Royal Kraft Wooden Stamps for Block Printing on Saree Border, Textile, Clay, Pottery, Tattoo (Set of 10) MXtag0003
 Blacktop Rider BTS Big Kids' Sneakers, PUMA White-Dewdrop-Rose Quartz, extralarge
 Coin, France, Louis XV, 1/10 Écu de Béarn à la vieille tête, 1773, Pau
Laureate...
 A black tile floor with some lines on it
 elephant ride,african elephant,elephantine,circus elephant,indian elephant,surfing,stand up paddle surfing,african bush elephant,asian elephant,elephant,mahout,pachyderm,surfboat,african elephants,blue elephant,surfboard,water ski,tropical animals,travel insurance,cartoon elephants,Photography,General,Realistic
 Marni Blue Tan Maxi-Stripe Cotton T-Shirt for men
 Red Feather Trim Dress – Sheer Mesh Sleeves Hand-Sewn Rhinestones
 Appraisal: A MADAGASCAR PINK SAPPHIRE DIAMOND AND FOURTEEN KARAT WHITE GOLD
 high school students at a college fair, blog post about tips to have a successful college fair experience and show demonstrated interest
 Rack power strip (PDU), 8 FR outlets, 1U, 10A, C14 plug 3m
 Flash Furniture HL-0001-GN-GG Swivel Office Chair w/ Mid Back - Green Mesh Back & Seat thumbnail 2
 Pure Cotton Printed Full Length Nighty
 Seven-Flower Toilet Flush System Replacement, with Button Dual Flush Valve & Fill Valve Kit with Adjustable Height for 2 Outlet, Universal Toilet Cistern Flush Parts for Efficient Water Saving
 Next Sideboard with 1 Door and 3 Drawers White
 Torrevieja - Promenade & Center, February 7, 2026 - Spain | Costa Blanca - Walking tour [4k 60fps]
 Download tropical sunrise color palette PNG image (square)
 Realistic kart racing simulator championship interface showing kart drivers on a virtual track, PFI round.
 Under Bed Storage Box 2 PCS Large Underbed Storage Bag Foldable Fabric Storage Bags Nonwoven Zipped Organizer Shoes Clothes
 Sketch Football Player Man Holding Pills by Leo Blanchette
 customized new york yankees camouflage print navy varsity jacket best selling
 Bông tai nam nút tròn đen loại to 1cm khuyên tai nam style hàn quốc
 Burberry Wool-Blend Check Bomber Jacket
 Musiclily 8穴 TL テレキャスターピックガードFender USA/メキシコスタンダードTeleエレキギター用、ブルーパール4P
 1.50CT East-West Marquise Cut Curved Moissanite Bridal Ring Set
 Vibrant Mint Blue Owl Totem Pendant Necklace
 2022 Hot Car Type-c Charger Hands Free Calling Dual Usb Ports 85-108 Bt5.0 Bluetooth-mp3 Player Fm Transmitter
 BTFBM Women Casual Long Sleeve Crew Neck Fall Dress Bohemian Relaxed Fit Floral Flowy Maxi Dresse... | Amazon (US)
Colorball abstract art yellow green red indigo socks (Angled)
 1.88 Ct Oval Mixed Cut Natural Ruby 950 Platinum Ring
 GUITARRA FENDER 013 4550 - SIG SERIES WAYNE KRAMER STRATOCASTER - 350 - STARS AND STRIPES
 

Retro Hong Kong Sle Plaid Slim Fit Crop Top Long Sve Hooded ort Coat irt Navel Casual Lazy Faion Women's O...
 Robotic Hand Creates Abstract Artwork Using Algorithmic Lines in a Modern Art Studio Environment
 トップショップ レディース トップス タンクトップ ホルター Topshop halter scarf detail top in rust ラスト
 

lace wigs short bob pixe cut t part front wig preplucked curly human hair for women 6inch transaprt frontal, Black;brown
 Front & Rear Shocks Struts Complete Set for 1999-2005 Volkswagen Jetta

-- -- --

The records above must be repeated exactly, every one of them.

Royal Kraft Wooden Stamps for Block Printing on Saree Border, Textile, Clay, Pottery, Tattoo (Set of 10) MXtag0003
 Blacktop Rider BTS Big Kids' Sneakers, PUMA White-Dewdrop-Rose Quartz, extralarge
 Coin, France, Louis XV, 1/10 Écu de Béarn à la vieille tête, 1773, Pau
Laureate...
 A black tile floor with some lines on it
 elephant ride,african elephant,elephantine,circus elephant,indian elephant,surfing,stand up paddle surfing,african bush elephant,asian elephant,elephant,mahout,pachyderm,surfboat,african elephants,blue elephant,surfboard,water ski,tropical animals,travel insurance,cartoon elephants,Photography,General,Realistic
 Marni Blue Tan Maxi-Stripe Cotton T-Shirt for men
 Red Feather Trim Dress – Sheer Mesh Sleeves Hand-Sewn Rhinestones
 Appraisal: A MADAGASCAR PINK SAPPHIRE DIAMOND AND FOURTEEN KARAT WHITE GOLD
 high school students at a college fair, blog post about tips to have a successful college fair experience and show demonstrated interest
 Rack power strip (PDU), 8 FR outlets, 1U, 10A, C14 plug 3m
 Flash Furniture HL-0001-GN-GG Swivel Office Chair w/ Mid Back - Green Mesh Back & Seat thumbnail 2
 Pure Cotton Printed Full Length Nighty
 Seven-Flower Toilet Flush System Replacement, with Button Dual Flush Valve & Fill Valve Kit with Adjustable Height for 2 Outlet, Universal Toilet Cistern Flush Parts for Efficient Water Saving
 Next Sideboard with 1 Door and 3 Drawers White
 Torrevieja - Promenade & Center, February 7, 2026 - Spain | Costa Blanca - Walking tour [4k 60fps]
 Download tropical sunrise color palette PNG image (square)
 Realistic kart racing simulator championship interface showing kart drivers on a virtual track, PFI round.
 Under Bed Storage Box 2 PCS Large Underbed Storage Bag Foldable Fabric Storage Bags Nonwoven Zipped Organizer Shoes Clothes
 Sketch Football Player Man Holding Pills by Leo Blanchette
 customized new york yankees camouflage print navy varsity jacket best selling
 Bông tai nam nút tròn đen loại to 1cm khuyên tai nam style hàn quốc
 Burberry Wool-Blend Check Bomber Jacket
 Musiclily 8穴 TL テレキャスターピックガードFender USA/メキシコスタンダードTeleエレキギター用、ブルーパール4P
 1.50CT East-West Marquise Cut Curved Moissanite Bridal Ring Set
 Vibrant Mint Blue Owl Totem Pendant Necklace
 2022 Hot Car Type-c Charger Hands Free Calling Dual Usb Ports 85-108 Bt5.0 Bluetooth-mp3 Player Fm Transmitter
 BTFBM Women Casual Long Sleeve Crew Neck Fall Dress Bohemian Relaxed Fit Floral Flowy Maxi Dresse... | Amazon (US)
Colorball abstract art yellow green red indigo socks (Angled)
 1.88 Ct Oval Mixed Cut Natural Ruby 950 Platinum Ring
 GUITARRA FENDER 013 4550 - SIG SERIES WAYNE KRAMER STRATOCASTER - 350 - STARS AND STRIPES
 

Retro Hong Kong Sle Plaid Slim Fit Crop Top Long Sve Hooded ort Coat irt Navel Casual Lazy Faion Women's O...
 Robotic Hand Creates Abstract Artwork Using Algorithmic Lines in a Modern Art Studio Environment
 トップショップ レディース トップス タンクトップ ホルター Topshop halter scarf detail top in rust ラスト
 

lace wigs short bob pixe cut t part front wig preplucked curly human hair for women 6inch transaprt frontal, Black;brown
 Front & Rear Shocks Struts Complete Set for 1999-2005 Volkswagen Jetta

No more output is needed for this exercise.